Statistics about how much data the 1000 Genomes Project produced are accessible in several different ways. Information on some of the formats used for this information is available on the FTP site.
For raw data, a sequence.index file contains base and read counts for each of the active FASTQ files.
During the 1000 Genomes Project, summery statistics were provided in a sequence indices directory, which is now located with historical data from the project. This contains four summary files, two exome and two low coverage. Both of these analysis groups have a .stats file providing numbers of runs withdrawn for different reasons, base count and coverage statistics for each study, population level summaries and a stats.csv file which provides a comparison to the previous index in terms of number of runs, bases and similar metrics. Since late 2012, the 1000 Genomes Project also produced analysis.sequence.index files, which only consider Illumina runs of 70bp read length or longer, and also have statistics files.
For the aligned data all BAM and CRAM files have BAS files associated with them. These contain read group level statistics for the alignment. We also provide this in a collected form in alignment index files. The alignment indices for the alignments of the 1000 Genomes Project data to GRCh38 are available on the FTP site. There is also an historic alignment indices directory, which contains a .hsmetrics file with the results of the Picard tool CalculateHsMetrics for all the exome alignments and summary files, which compare statistics between old and new alignment releases during the 1000 Genomes Project.

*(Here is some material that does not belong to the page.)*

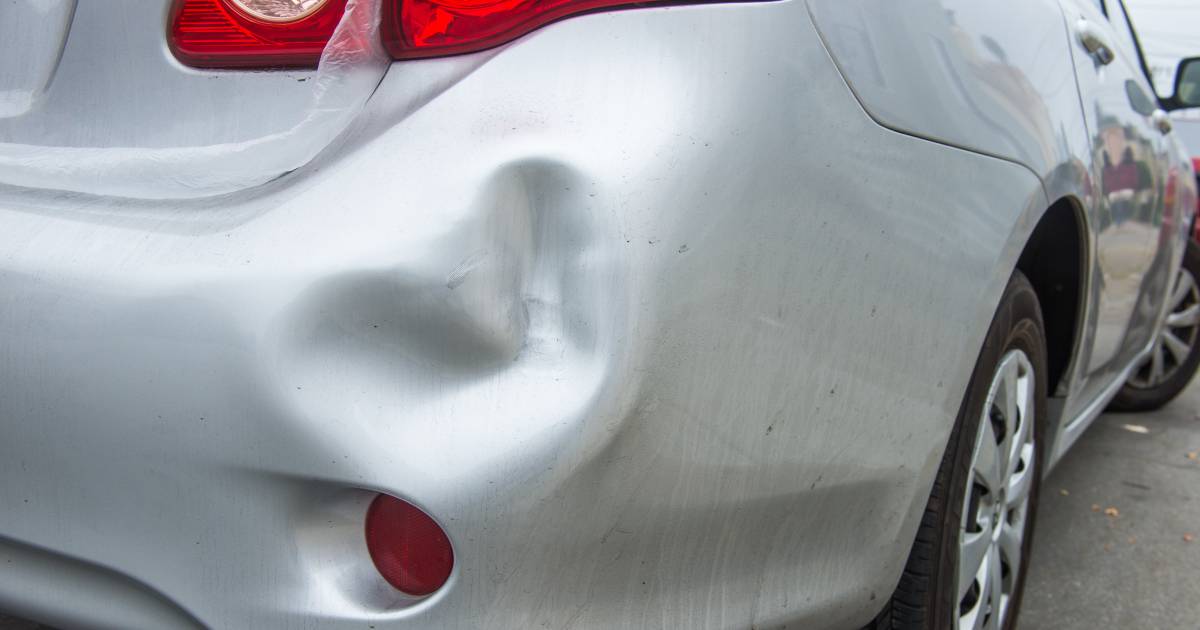 Don’t call the garage too quickly: You can easily repair such damage to your car yourself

The 1000 Genomes Project aims to sequenced 2504 individuals in total both low coverage whole genome sequencing and exome sequencing. Further samples added into the IGSR will increase this number.

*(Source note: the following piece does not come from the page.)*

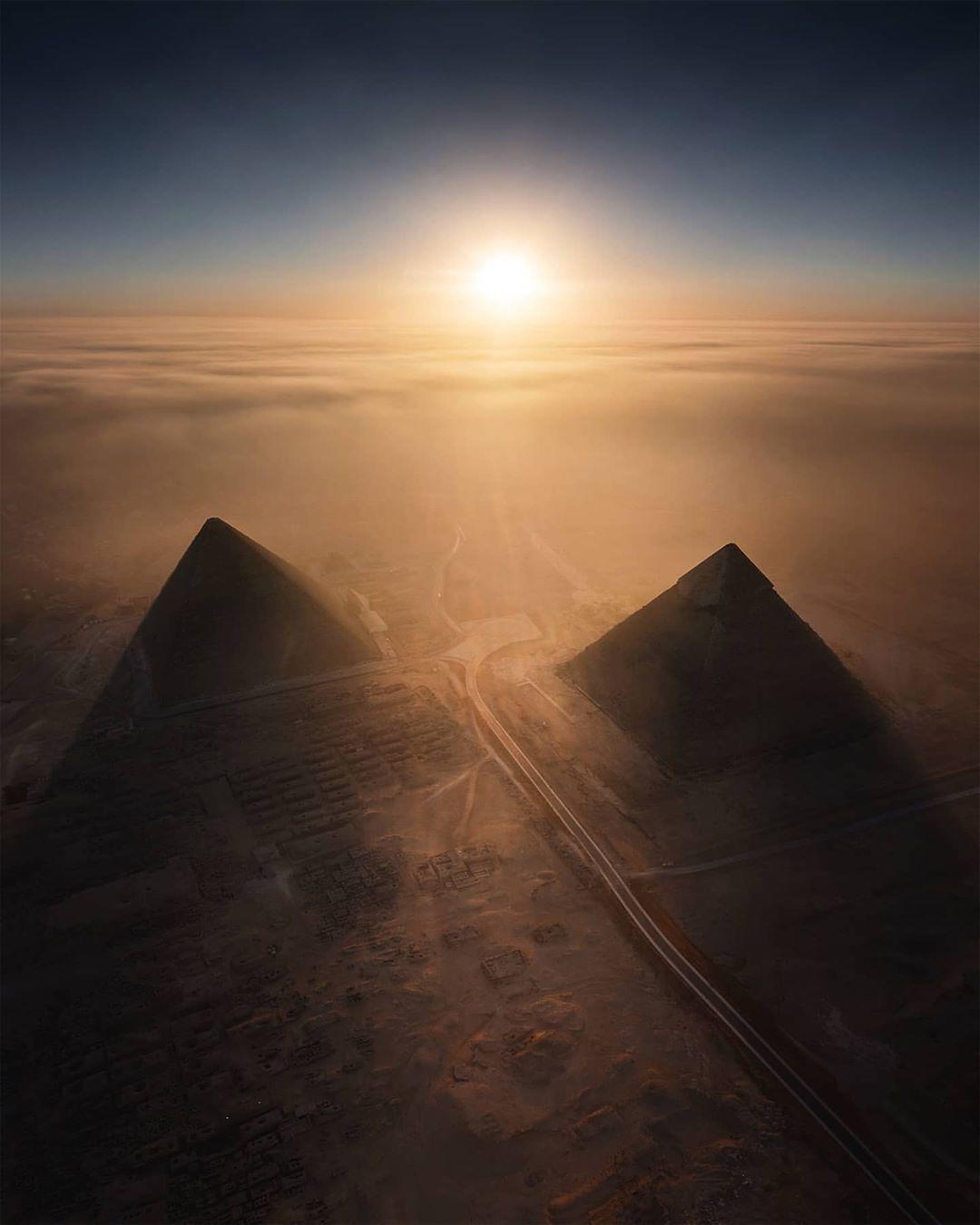 晨雾笼罩的吉萨金字塔，来自摄影师SEBASTIEN NAGY。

NA12878 the CEU child from our high coverage trio represents our largest amount of sequence data with 4.2 Tbases of sequence, the majority of this sequence data is from 2008 and short read length (~36bp) so is not the highest quality we have. You can see how many bases we have sequenced for all our samples by looking in our sequence index file. The 25th column of this file is the base count in each fastq file.

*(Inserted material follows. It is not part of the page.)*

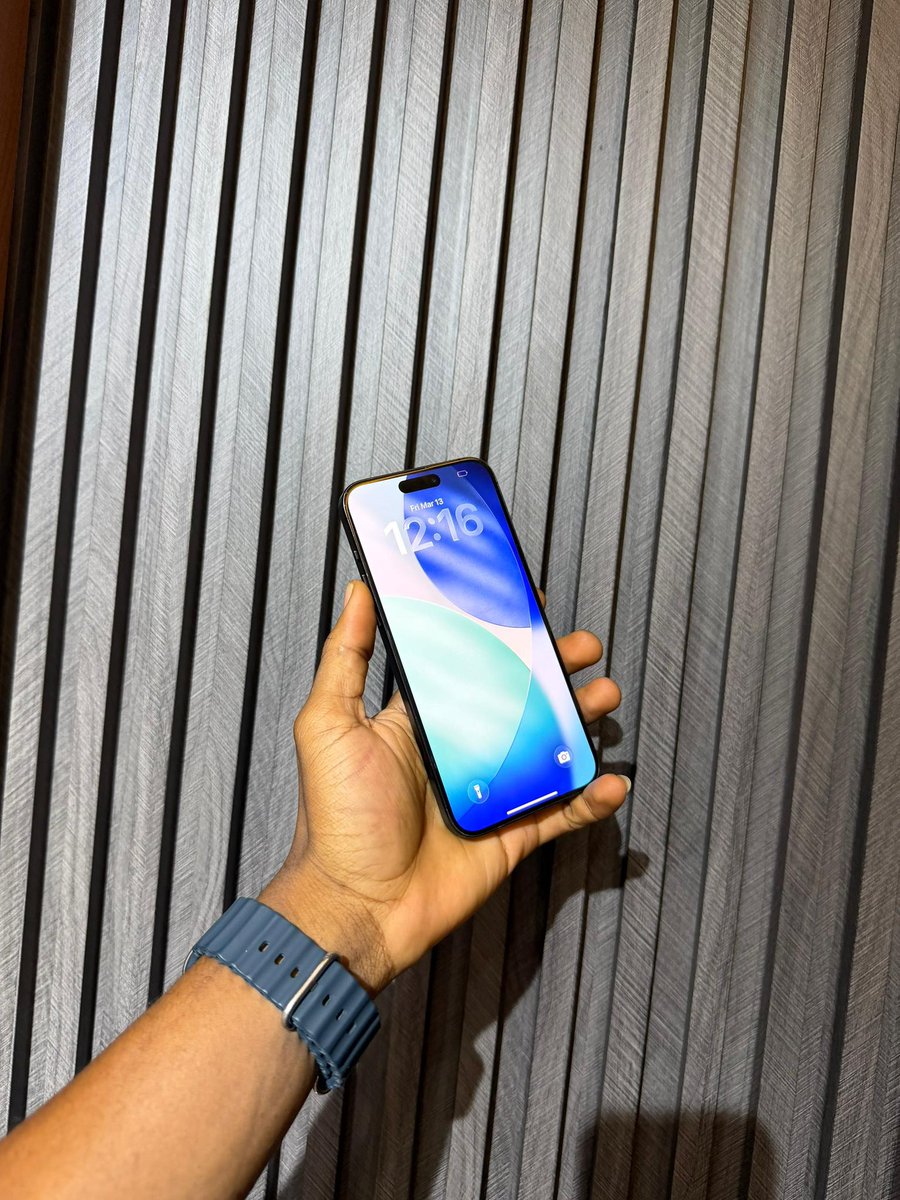 Everything Everything tweet media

The project has generally used short insert libraries between 100 and 600bp for Illumina sequence data. For SOLiD and 454 sequence data you will see a wider variety of insert sizes. The insert sizes are reported in both the sequence.index file and the bas files. The sequence index file contains the insert size reported to the SRA when the data was submitted, the bas files contain the mean insert size based on the alignment and the standard deviation from that mean.
As the project started sequencing in 2008 it holds a wide range of read lengths, the Illumina and SOLiD data range between 25bp to 160bp read lengths. Our sequence index file report read and base counts for each fastq file which can be used to find this out more precisely. For the final analysis phase of the project only Illumina data which is 70bp or longer was used and where required samples were sequenced again to match this criterion.